05 August 2009


Thoughts on Softwar, former Economist correspondent Matthew Symonds's bio of Larry Ellison.
  1. Symonds's agent, Andrew Wylie, brokered a deal in which Ellison had the right of reply---in footnotes. These added some color to the book, but not as much as I'd hoped.
  2. Most of his conversations with Ellison appear to have taken place on private planes, yachts, or exotic resorts --- not the places that one would expect to find a biographer who wanted to play Robert Caro to Ellison's Robert Moses. The author himself is in twenty percent of the book's group photos featuring an adult Ellison.
  3. The most interesting part of Ellison's career --- how he went from being an itinerent rock-climbing hacker to founder of a fast-growing database company --- is compressed into far too few pages. I realize that paper is expensive these days, but I would have preferred more material about Oracle/SDL/RSI's early stages and fewer anecdotes about how Ellison's head of sales talked him into ditching his "cheap Seiko wristwatch" and buying a Rolex---"'but in stainless. I couldn't deal with gold.'" An entire chapter (I skipped it) is devoted to sailboat racing. Some of the "lifestyle" material -- for instance, the Adelyn Lee wrongful-termination/extortion case -- is illuminating. Most isn't.

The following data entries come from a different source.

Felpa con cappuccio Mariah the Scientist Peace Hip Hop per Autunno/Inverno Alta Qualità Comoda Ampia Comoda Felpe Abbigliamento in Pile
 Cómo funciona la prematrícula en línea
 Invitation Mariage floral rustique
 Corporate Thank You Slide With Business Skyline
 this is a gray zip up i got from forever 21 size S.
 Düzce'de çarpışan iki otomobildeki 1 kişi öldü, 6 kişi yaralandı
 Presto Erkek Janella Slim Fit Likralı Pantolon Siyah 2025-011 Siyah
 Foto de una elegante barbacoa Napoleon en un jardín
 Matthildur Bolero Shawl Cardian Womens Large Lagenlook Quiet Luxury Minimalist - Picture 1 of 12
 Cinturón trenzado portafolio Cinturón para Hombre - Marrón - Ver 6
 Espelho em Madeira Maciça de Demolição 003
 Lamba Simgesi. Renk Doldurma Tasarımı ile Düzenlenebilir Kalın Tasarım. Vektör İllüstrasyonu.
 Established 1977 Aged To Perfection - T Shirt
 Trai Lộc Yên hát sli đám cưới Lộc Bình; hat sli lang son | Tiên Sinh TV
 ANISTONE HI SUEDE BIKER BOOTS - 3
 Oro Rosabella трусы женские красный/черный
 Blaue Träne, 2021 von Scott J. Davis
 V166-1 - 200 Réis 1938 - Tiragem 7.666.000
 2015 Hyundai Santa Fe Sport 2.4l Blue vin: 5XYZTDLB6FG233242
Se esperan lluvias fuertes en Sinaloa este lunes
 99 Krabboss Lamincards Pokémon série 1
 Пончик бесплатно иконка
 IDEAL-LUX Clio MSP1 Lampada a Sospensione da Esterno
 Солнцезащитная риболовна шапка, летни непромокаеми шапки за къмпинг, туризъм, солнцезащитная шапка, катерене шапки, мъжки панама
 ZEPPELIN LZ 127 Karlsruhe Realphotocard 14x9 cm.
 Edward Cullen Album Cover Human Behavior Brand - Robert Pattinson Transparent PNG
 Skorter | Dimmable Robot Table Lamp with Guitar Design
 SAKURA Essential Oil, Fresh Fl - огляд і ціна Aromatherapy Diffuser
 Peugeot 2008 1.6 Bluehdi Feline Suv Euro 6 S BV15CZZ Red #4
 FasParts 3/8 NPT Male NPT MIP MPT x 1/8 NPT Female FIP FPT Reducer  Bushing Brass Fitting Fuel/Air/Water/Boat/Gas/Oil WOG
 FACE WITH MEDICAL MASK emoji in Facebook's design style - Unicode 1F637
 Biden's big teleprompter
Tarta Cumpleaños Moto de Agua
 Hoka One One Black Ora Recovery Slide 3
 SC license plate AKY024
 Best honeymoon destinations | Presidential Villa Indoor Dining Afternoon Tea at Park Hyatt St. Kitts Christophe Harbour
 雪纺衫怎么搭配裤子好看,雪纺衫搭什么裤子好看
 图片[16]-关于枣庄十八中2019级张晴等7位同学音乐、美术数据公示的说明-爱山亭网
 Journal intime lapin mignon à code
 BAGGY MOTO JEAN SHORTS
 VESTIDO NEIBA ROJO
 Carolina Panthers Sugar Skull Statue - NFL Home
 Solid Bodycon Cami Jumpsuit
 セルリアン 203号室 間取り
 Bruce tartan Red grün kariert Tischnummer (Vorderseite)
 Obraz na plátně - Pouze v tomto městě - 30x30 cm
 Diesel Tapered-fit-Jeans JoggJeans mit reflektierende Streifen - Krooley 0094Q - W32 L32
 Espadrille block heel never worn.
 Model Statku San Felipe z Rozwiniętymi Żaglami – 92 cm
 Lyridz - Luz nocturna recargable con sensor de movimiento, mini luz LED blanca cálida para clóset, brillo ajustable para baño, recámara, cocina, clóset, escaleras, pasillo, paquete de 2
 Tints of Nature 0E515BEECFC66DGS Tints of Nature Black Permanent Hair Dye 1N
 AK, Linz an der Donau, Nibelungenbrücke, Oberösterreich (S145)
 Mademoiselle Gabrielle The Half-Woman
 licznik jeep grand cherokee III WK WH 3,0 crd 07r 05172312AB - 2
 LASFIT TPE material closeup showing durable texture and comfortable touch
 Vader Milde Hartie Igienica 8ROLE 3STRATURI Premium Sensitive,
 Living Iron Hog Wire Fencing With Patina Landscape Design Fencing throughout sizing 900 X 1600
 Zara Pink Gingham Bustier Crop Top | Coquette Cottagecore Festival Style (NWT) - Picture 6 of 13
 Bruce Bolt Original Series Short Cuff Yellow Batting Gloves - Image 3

  4. One early anecdote featured the proto-Oracle nearly running out of cash because, despite some early sales to three-letter intelligence agencies, Ellison & Co. hadn't realized that the feds can spend years between closing a sale and cutting a check.
  5. Ellison himself presents some intriguing ideas. It's better to reengineer business processes to fit software than the other way around (p. 476) Software is so abstract that the key to selling it is customer references: "selling the architecture only works with a few early adopters"; "people have this innate belief that there is safety in numbers". (p.239).
  6. The California Oracle license-sales debacle was, according to Symonds, an attempt to smear Gray Davis that happened to involve Oracle. Oracle, by way of the systems-integrator Logicon, actually gave California a spectacular deal on licenses. When the scandal (which involved an ill-timed campaign donation) broke, Oracle even offered to cancel the contract, but the state declined. (On that note, there are few scandals in the book where Symonds concludes that Ellison or Oracle was less sinned against than sinning.)